*Brief*. Reproduce the entries shown below only from the line with "Lemaire rain jacket" down to the line with "1999 Sea Ray", keeping both end lines and copying each one exactly.
____
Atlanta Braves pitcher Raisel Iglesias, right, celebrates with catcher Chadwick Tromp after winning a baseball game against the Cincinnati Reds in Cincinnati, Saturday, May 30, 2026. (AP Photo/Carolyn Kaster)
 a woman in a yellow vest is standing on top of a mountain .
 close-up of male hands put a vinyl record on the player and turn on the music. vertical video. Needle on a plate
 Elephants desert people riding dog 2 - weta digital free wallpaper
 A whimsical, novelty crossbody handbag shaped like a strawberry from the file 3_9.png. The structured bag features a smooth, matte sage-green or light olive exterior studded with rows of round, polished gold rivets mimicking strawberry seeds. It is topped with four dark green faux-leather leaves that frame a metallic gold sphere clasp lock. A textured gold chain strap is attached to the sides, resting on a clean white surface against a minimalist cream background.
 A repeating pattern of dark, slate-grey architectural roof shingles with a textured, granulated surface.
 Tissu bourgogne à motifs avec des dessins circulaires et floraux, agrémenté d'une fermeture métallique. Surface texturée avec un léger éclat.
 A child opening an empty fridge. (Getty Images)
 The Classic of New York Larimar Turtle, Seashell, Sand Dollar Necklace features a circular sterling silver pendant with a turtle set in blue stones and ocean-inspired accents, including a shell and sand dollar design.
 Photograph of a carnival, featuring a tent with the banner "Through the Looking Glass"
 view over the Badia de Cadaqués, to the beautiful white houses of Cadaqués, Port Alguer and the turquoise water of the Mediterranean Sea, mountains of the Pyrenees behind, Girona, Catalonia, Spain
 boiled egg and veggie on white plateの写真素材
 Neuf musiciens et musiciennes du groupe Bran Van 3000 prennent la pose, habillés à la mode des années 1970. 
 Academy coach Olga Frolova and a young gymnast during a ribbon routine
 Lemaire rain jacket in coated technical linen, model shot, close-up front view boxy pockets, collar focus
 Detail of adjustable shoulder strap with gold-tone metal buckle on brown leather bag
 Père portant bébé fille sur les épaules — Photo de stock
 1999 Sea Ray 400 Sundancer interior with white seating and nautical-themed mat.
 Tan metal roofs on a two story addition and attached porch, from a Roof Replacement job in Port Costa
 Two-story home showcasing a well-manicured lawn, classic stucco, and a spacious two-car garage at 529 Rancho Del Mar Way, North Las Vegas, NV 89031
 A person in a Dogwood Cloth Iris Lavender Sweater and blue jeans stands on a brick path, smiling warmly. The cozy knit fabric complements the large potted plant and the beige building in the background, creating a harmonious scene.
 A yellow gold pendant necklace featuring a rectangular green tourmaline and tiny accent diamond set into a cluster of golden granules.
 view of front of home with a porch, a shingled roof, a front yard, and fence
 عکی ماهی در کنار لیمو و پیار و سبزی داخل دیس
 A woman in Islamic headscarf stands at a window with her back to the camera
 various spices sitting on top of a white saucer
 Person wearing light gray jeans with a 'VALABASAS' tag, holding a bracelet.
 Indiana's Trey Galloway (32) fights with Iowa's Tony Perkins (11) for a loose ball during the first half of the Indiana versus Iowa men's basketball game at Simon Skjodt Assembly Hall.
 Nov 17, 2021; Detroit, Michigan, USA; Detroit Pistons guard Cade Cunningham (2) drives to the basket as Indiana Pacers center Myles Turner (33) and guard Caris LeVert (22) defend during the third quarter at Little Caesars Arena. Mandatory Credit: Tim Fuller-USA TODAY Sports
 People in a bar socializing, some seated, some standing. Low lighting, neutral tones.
____
*Exercise solution*.
 Lemaire rain jacket in coated technical linen, model shot, close-up front view boxy pockets, collar focus
 Detail of adjustable shoulder strap with gold-tone metal buckle on brown leather bag
 Père portant bébé fille sur les épaules — Photo de stock
 1999 Sea Ray 400 Sundancer interior with white seating and nautical-themed mat.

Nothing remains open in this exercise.